The article is challenging to unpack; it is credulous about the abilities of IBM’s software, and it may be making grander claims for IBM’s aspirations than the company itself makes. Either way, it raises several questions that warrant deeper analysis. How could the veracity of a risk score be challenged? Is IBM also, as Defense One suggests, trying to predict bomb attacks? And is i2 EIA the latest iteration of the collect-it-all mentality?

First, the risk score. To IBM’s credit, the company emphasized that the score (hypothetical as of now) would only be the start of analysis, not the end. Nevertheless, if it were rolled out, would there be a mechanism for refugees to challenge either the underlying data or the conclusions drawn? (Note that there are also significant questions about who would actually be using the risk score, but the available information is too vague to make accurate guesses.) Disputing the score would require knowing what data went into producing it, but the history of similar types of software suggests that it is highly unlikely that either IBM or its government clients will make the scoring process transparent.

The best analogy may be to “predictive policing” software, which is increasingly in vogue with US police departments. Generally speaking, predictive policing seeks to forecast where crime is going to occur or who is likely to commit a crime, and to deploy officers in response to those forecasts. One of the chief criticisms of predictive policing is that the programs are almost entirely opaque; even when companies designing the software reveal the kinds of information they use, the algorithm itself is a black box. This intentional obscurity makes it close to impossible for an outside observer to audit the fairness of the algorithm or for a targeted community to independently evaluate the legitimacy of police officers’ increased presence in their neighborhood.
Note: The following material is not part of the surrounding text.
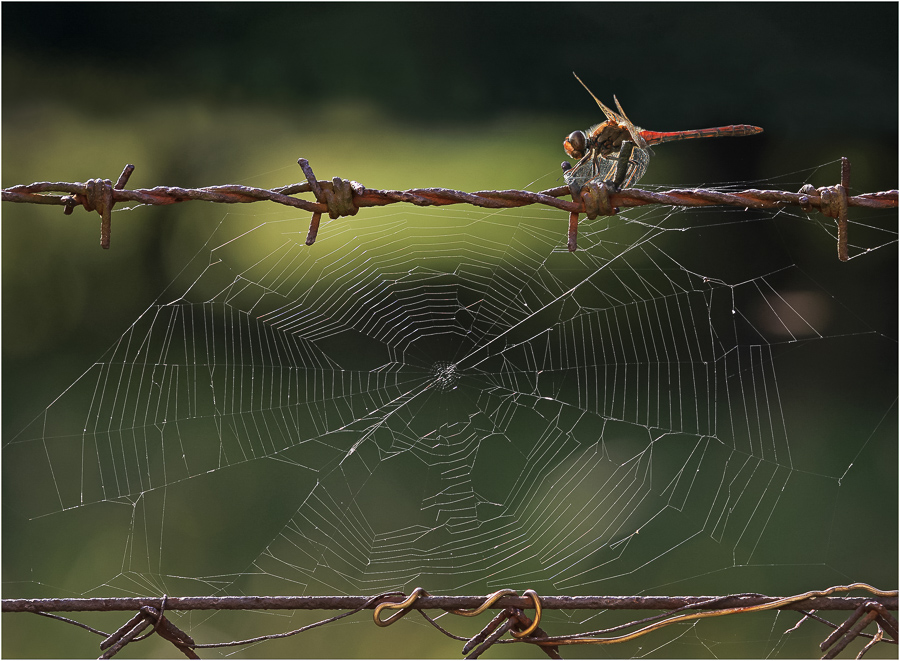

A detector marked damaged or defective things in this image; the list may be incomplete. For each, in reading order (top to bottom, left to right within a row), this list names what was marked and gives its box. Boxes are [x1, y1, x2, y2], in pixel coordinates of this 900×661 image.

A software system targeted at identifying potential terrorists is highly likely to be cloaked in secrecy as well. If so, it may be a nearly impossible task to challenge the score that it spits out. And if the score is used to make a decision about who stays and who goes, that inscrutability may have life-or-death consequences.

Second, what exactly is the software intended to show? As noted above, Tucker contends that in addition to identifying individuals for extra investigative attention, IBM believes the software could “predict bomb attacks.”

The description of the company’s actual experiment suggests something slightly less sci-fi: not a terrorism forecaster, but an attempt to find networks of associates related to a phone number used to set off a bomb via text message. If IBM is hoping its software program could actually predict upcoming terrorist attacks, however, that possibility has been pretty thoroughly debunked. One major study commissioned by the Defense Department concluded that “there is no credible approach that has been documented … to accurately anticipate” terrorist threats. This is because there have been so few terrorist attacks that there is no reliable terrorism “signature,” and no way to establish a common pattern.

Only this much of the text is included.